S 13(2)(b) provides that the property of a State shall not be subject to any process for the enforcement of a judgment or arbitration award. This will not apply, however, where the process is in respect of property which “is for the time being in use or intended for use for commercial purposes” (s 13(4)). The Act defines the term ‘commercial purposes’ as meaning any contract for the supply of goods or services, any loan or other transaction for the provision of finance and any guarantee or indemnity in respect of any such transaction or of any other financial obligation, and any other transaction or activity (whether of a commercial, industrial, financial, professional or other similar character) into which a state enters or in which it engages otherwise than in the exercise of sovereign authority.

High Court decision

At first instance, the appellant applied for a TPDO relating to the debt owed to Iraq in addition to the continuation of an injunction restraining the liquidators and administrators from making any payment to Iraq.  Iraq sought to set aside the injunction on the ground that the TPDO should be summarily dismissed because the assets in question were immune from execution pursuant to s 13(2)(b) of the Act.

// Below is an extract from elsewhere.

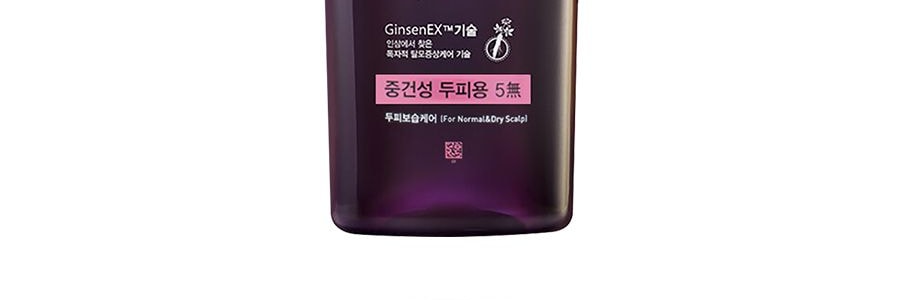 韓國RYO呂 紫色滋養韌發密集滋養洗髮精 紫呂 400ml 適合乾性髮質 新舊版本隨機發送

Arnold J held that the certificate signed by the Chargé D’Affairs of the Embassy of Iraq in London, which stated that Iraq’s claims were not in use nor intended for use for any commercial purposes, must be accepted as sufficient evidence pursuant to s 13(5) of the Act, unless proved otherwise by the appellant.

It was held that the appellant had no real prospect of successfully rebutting the presumption created by the Certificate.  As such, the moneys due to Iraq were immune from execution pursuant to s 13(2)(b).  The injunction was upheld, pending a further hearing before the Court of Appeal.

Court of Appeal decision

On 18 May 2011, the appellant appealed, contending that the origin of the debt was commercial (as Iraq had acquired the debts in order to make a profit) and thus were not immune under s 13(2)(b).

Stanley Burton LJ upheld Arnold J’s decision that the monies represented by the debt were not, at the time of the TPDO application, being used for commercial purposes and were intended to be paid to the Development Fund of Iraq (set up to fund Iraq’s debt restructuring programme). The Certificate confirmed this and there was no evidence before the Court to prove otherwise.  It was not considered relevant that the money derived from commercial transactions.

Hooper LJ concluded that Iraq had purchased the debts “in the exercise of its sovereign authority, as part of a huge international restructuring of debts incurred in the Saddam Hussein era”.  The debts were therefore immune under the Act and the appeal was dismissed (with Rix LJ dissenting).

Issues before the Supreme Court

Permission to appeal to the Supreme Court was granted on 14 December 2011. The issues to be decided at the hearing on 28 May 2012 will be:

(1) the scope of the immunity available to a State pursuant to s 13 of the Act in respect of judgment measures against its property; and

(2) the correct interpretation of s 13(4) and the application of the expression: “for the time being in use or intended for use for commercial purposes”.